Houston Rockets' salaries:
(Contracts rounded up by tenths)

James Harden - $30.4 million
Ryan Anderson - $20.4 million
Eric Gordon - $13.5 million
PJ Tucker - $8.0 million
Nene Hilario - $3.7 million
Chinanu Onuaku $1.5 million
Zhou Qi - $1.4 million (non-guaranteed)
Aaron Jackson - $1.4 million (non-guaranteed)
Troy Williams - $122,741

In addition to the contracts already on the books, the Rockets will have the delicate balancing act of bringing back free agents and having their cap holds on the books.

Current cap holds:
(Rounded up by tenths)

Chris Paul - $35.4 million
Trevor Ariza - $14.1 million
Clint Capela - $7 million
Tarik Black - $4 million
Luc Mbah a Moute - $1.5 million
Gerald Green - $1.5 million
Joe Johnson - $1.5 million
Markel Brown - $830,000

Essentially, the most money the Rockets could create if they renounce all their free agents is around $18 million.

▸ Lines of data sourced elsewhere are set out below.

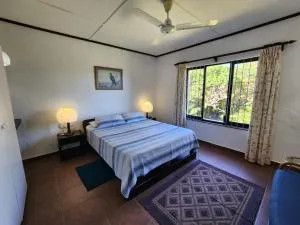 Peter Pan Place - Glenmore Beach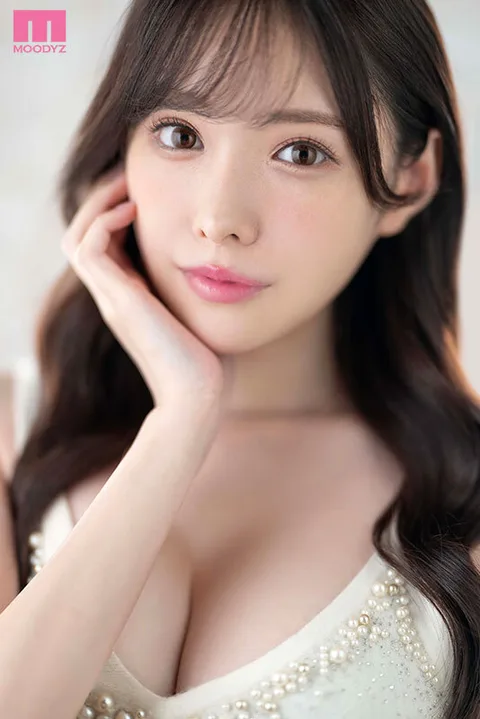 MOODYZ's First VR Arina Wants to Make You Ejaculate a Lot - VR Genius 'New Arina Style' Masturbation Assistance in 5 Situations SP gallery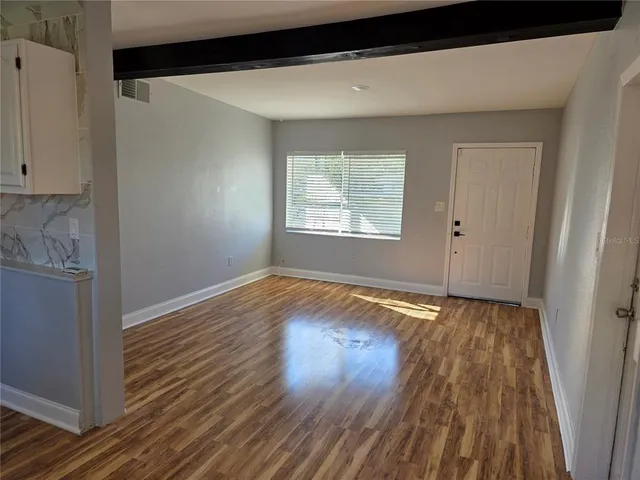 $299,898 | 821 South Solandra Drive, Orlando, FL 32807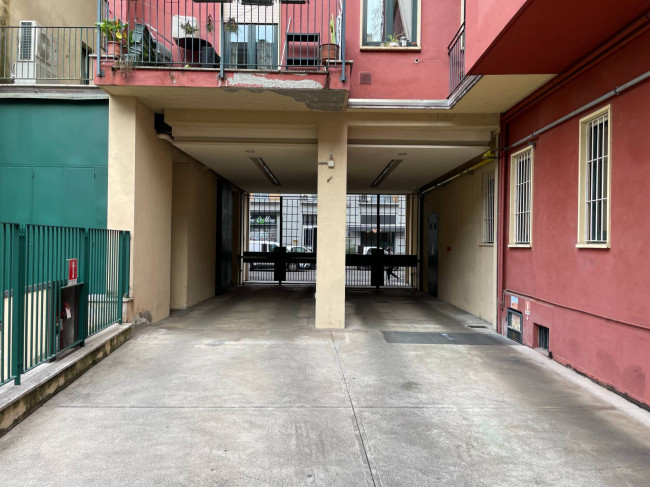 Wohnung zu verkauf in Milano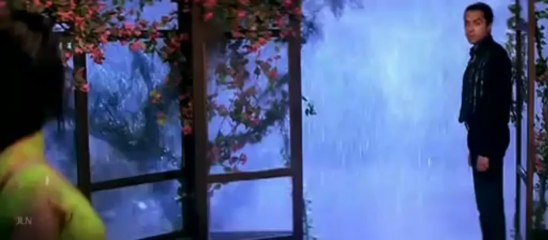 Barsaat Ke Din Aaye - Barsaat HD  Videos_ LovelyJani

Sure, they could trade trade some of their more extravagant contracts like Ryan Anderson or Eric Gordon, but even then Houston would have to gut it's roster and give up assets to create the space necessary. It's unlikely the Rockets pursue a max caliber free agent with traditional free agency unless they suddenly find a Ryan Anderson suitor before July 1st.

The best way for Houston to lure a max caliber free agent (i.e. LeBron James or Paul George) would be if that free agent forgo free agency by opting into the final year of his contract and be traded to the Rockets (like Chris Paul did last year). This would have to happen before June 29th (final day for free agents to opt into their player options) and it would be an extremely complicated procedure. If the Rockets try to acquire a player like LeBron James or Paul George after July 1st via sign and trade, it would hard cap the team, which is something Daryl Morey will likely try to avoid at all costs.

An opt-and-trade would likely require also trading Ryan Anderson into space and surrendering multiple draft picks to a third party as the Cavaliers or Thunder would not want to take back Anderson's contract. Finding this third team will be tough, but it's worth noting that Houston's been doing due diligence on trading Ryan Anderson's contract for at least a year now. It should also be noted that there is a second way to get a deal done, but it would require trading key pieces like Eric Gordon and P.J. Tucker.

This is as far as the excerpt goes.